SUPPLIED RECORDS -
--------
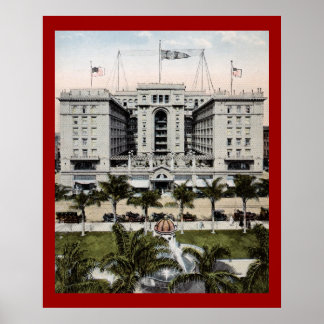 U.S. Grant Hotel, San Diego, California Poster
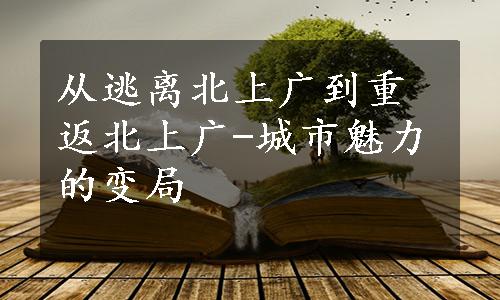 从逃离北上广到重返北上广-城市魅力的变局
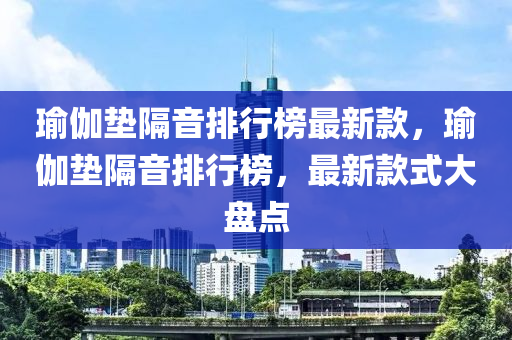 瑜伽垫隔音排行榜最新款，瑜伽垫隔音排行榜，最新款式大盘点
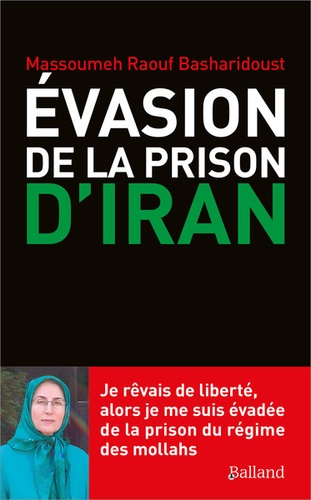 Evasion de la prison d'Iran. Je rêvais de liberté, alors je me suis évadée de la prison du régime des mollahs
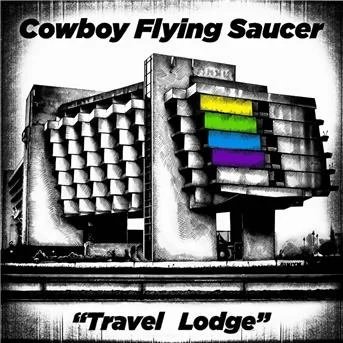 Travel Lodge, płyta winylowa Cowboy Flying Saucer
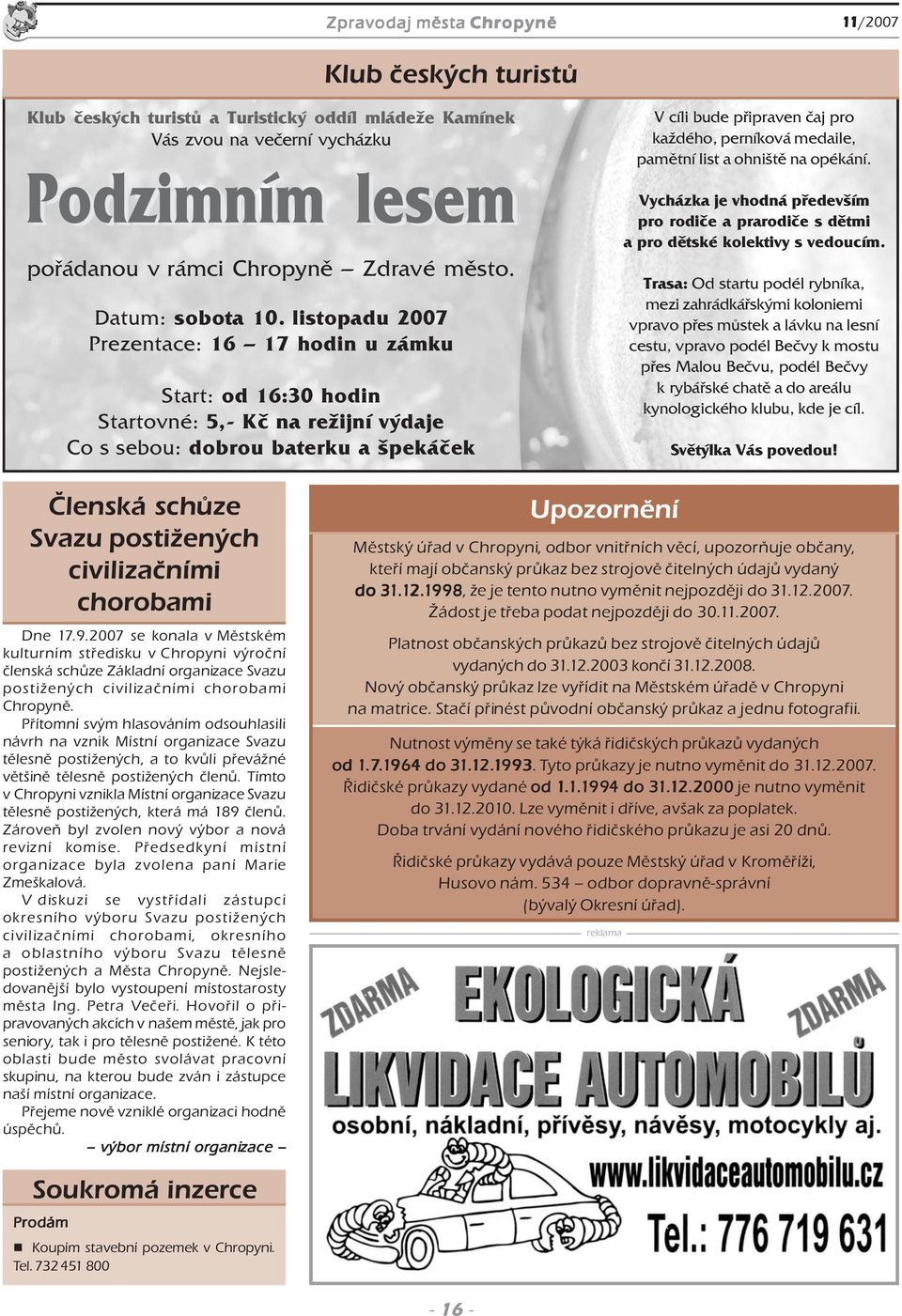 listopadu 2007 Prezentace: 16 17 hodin u zámku Start: od 16:30 hodin Startovné: 5, Kč na režijní výdaje Co s sebou: dobrou baterku a špekáček V cíli bude připraven čaj pro každého, perníková medaile,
--------
ACTIVITY -
Each entry is to be returned as it stands, and each picture is to be left out.

ANSWER BELOW -
 U.S. Grant Hotel, San Diego, California Poster
 从逃离北上广到重返北上广-城市魅力的变局
 瑜伽垫隔音排行榜最新款，瑜伽垫隔音排行榜，最新款式大盘点
 Evasion de la prison d'Iran. Je rêvais de liberté, alors je me suis évadée de la prison du régime des mollahs
 Travel Lodge, płyta winylowa Cowboy Flying Saucer
 listopadu 2007 Prezentace: 16 17 hodin u zámku Start: od 16:30 hodin Startovné: 5, Kč na režijní výdaje Co s sebou: dobrou baterku a špekáček V cíli bude připraven čaj pro každého, perníková medaile,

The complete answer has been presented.